XINJIANG (Arrahmah.com) – Menteri Urusan Islam Malaysia mendapat kecaman tajam setelah menggambarkan sebuah kamp interniran Uighur yang ia kunjungi di China sebagai “pusat pelatihan dan kejuruan,” sementara kelompok-kelompok hak asasi manusia dan pejabat AS menyamakan kamp tersebut dengan kamp konsentrasi.
Kontroversi dimulai ketika Menteri Mujahid Yusof Rawa melakukan perjalanan selama delapan hari di Cina.
Pada tanggal 26 Juni ia memposting foto di laman Facebook resminya yang menunjukkan orang dewasa duduk di meja sekolah berwarna kuning di sebuah ruangan yang dikelilingi oleh bunga buatan.
Menteri pada Selasa (2/7/2019) menolak untuk mengungkapkan apakah lokasi tersebut merupakan kamp yang menampung anggota minoritas Muslim Uighur atau menjawab pertanyaan lain tentang perjalanannya ke Cina dari BenarNews, sebuah layanan berita online yang berafiliasi dengan RFA.
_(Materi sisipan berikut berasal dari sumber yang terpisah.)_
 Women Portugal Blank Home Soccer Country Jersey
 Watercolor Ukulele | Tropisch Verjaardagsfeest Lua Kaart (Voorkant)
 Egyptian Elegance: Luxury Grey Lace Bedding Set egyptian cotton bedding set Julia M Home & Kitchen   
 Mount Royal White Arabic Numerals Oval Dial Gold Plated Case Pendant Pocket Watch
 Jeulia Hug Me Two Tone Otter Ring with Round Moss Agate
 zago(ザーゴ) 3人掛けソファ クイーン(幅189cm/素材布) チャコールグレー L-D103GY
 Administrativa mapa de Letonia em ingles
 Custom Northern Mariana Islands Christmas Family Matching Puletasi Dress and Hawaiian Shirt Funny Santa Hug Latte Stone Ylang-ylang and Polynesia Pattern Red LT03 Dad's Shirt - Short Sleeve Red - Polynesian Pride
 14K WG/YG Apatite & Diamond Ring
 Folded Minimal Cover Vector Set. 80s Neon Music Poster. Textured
“Pusat ini menjalankan kegiatan pelatihan industri dengan berbagai keterampilan seperti menjahit, administrasi, seni, merangkai bunga, dan lain-lain,” tulisnya untuk menerangkan salah satu foto yang diunggahnya, menambahkan Mujahid telah mengunjungi “pusat pelatihan dan kejuruan komunitas Uighur. ”
Postingan tersebut tidak mengatakan apakah “pusat pelatihan” itu berada di wilayah Xinjiang, di mana para pejabat dan kelompok HAM AS mengatakan bahwa hingga 1,5 juta warga Uighur dan minoritas Muslim Turkistan lainnya telah ditahan di kamp-kamp penahanan sejak April 2017.
Otoritas Tiongkok sebelumnya membantah keberadaan kamp interniran. Mereka berdalih bahwa itu adalah “pusat pelatihan kerja” yang disiapkan bagi pelaku tindak kriminal.
Pada tanggal 27 Juni, Amnest Internasional Malaysia menyatakan kekecewaannya atas deskripsi menteri Mujahid tentang kamp tersebut.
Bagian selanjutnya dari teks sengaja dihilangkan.